I think this is ok. It’s definitely not an ‘even’ or ‘uniform’ load but it’s not orders of magnitude different.

Running multiple vaults will (probably) smooth this out on a per-operator basis. You (probably) get hit by the variation worst when only running one vault.

Relocations will (probably) smooth this out over time for any single vault, but may cause a vault to go from storing lots to storing little (which is manageable but inconvenient because of less rewards) or go from storing little to lots (which may cause the vault to be booted from the network if they’re already near their storage capacity).

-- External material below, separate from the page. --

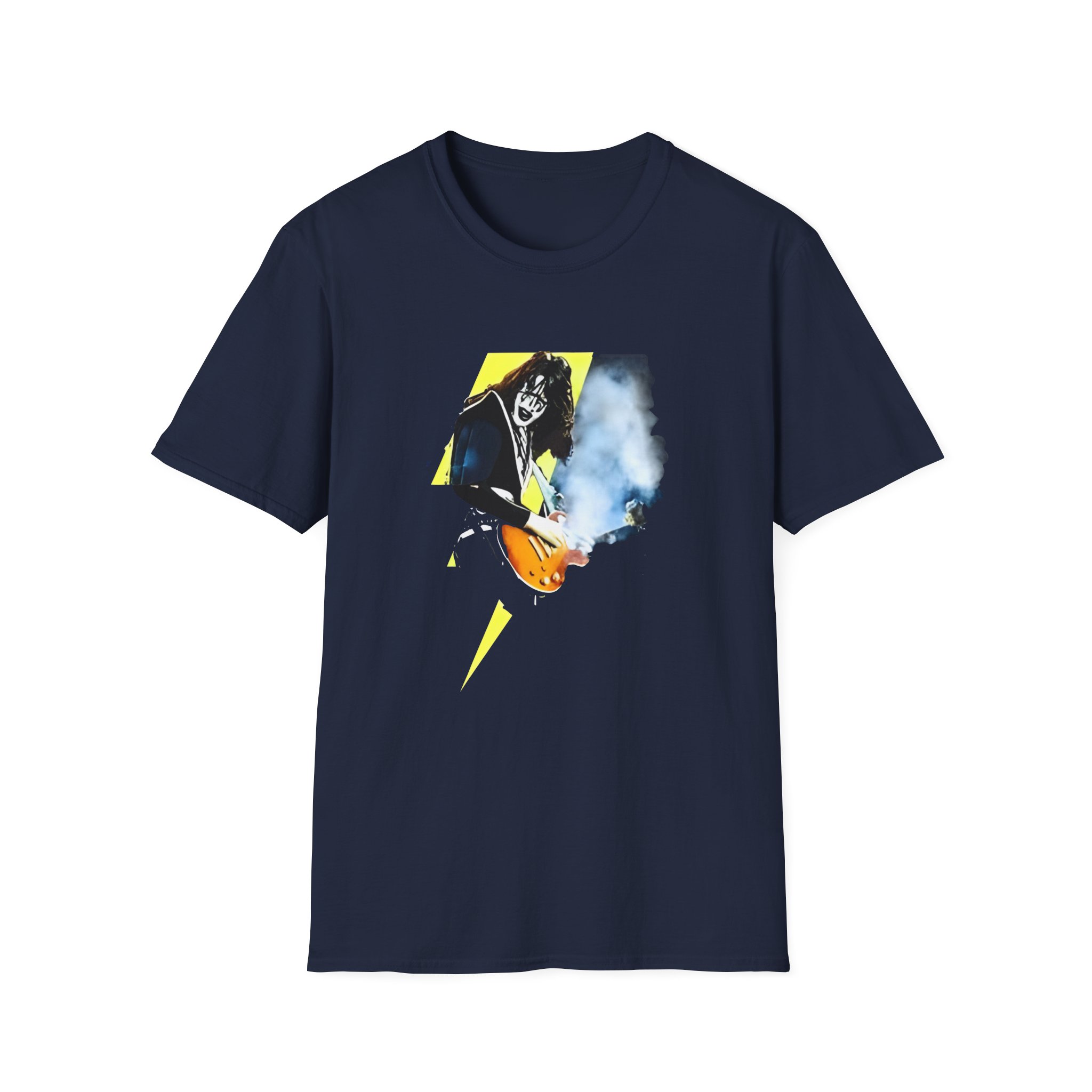 Ace Frehley Shock Me Unisex Softstyle T-shirt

I guess what’s interesting to me is (like bitcoin mining variability) finding what’s the rough range of expected variation and how does it affect the incentive structures and participation rates.

5 Likes

Where do 16TB drives fit in? I know we’ve discussed this before, but since network bandwidth is the limiting factor, it seems that large vaults are a benefit to the network. A 128TB vault will be commonplace.

1 Like

Nowhere in the community network where those figures come from

Nowhere really in the early network since storage needs are at the minimum for the life of the network. Also bandwidth requirements probably kills any real chance of using multiple vaults to take advantage of them.

Maybe later on when storage needs means larger vaults are useful but even then you’d probably want to split them up.

But the price on them are at a premium. >$1000 in Australia at the moment

2 Likes

Thanks a lot for this work great to see the trend and how important this critieria is.

The current code to do that is the following.
So yes your method is reasonably accurate. A couple of things:

  • Need to handle upper and lower bound (i.e the biggest gap may be before first vault.
  • I was not fully accurate, with our best fit we shrink the interval to the 1/3 in the middle of the interval, this will likely drive it a bit closer to uniformly distributed.
/// Calculate the interval for a node joining our section to generate a key for.
pub fn calculate_relocation_interval(
    prefix: &Prefix<XorName>,
    section: &BTreeSet<XorName>,
) -> XorTargetInterval {
    let (lower_bound, upper_bound) = (prefix.lower_bound(), prefix.upper_bound());

    let (start, end) = iter::once(&lower_bound)
        .chain(section)
        .chain(iter::once(&upper_bound))
        .tuple_windows()
        .max_by(|&(x1, y1), &(x2, y2)| {
            let diff1 = y1 - x1;
            let diff2 = y2 - x2;
            diff1.cmp(&diff2)
        })
        .unwrap_or((&lower_bound, &upper_bound));

    let third_of_distance = (*end - *start) / 3;
    let new_end = *end - third_of_distance;
    XorTargetInterval(new_end - third_of_distance, new_end)
}
6 Likes

I think this maybe doesn’t do what is intended because it uses operations in linear space instead of xor space. Not totally sure but the results became quite strange when I included this ‘narrowing’ feature (every time for multiple tests).

Without the extra ‘narrowing’ of the relocated name:

best_fit_no_narrowing

With the extra narrowing of the range of the relocated name:

best_fit_with_narrowing

A few vaults got a huge number of chunks, and it happens quite reliably.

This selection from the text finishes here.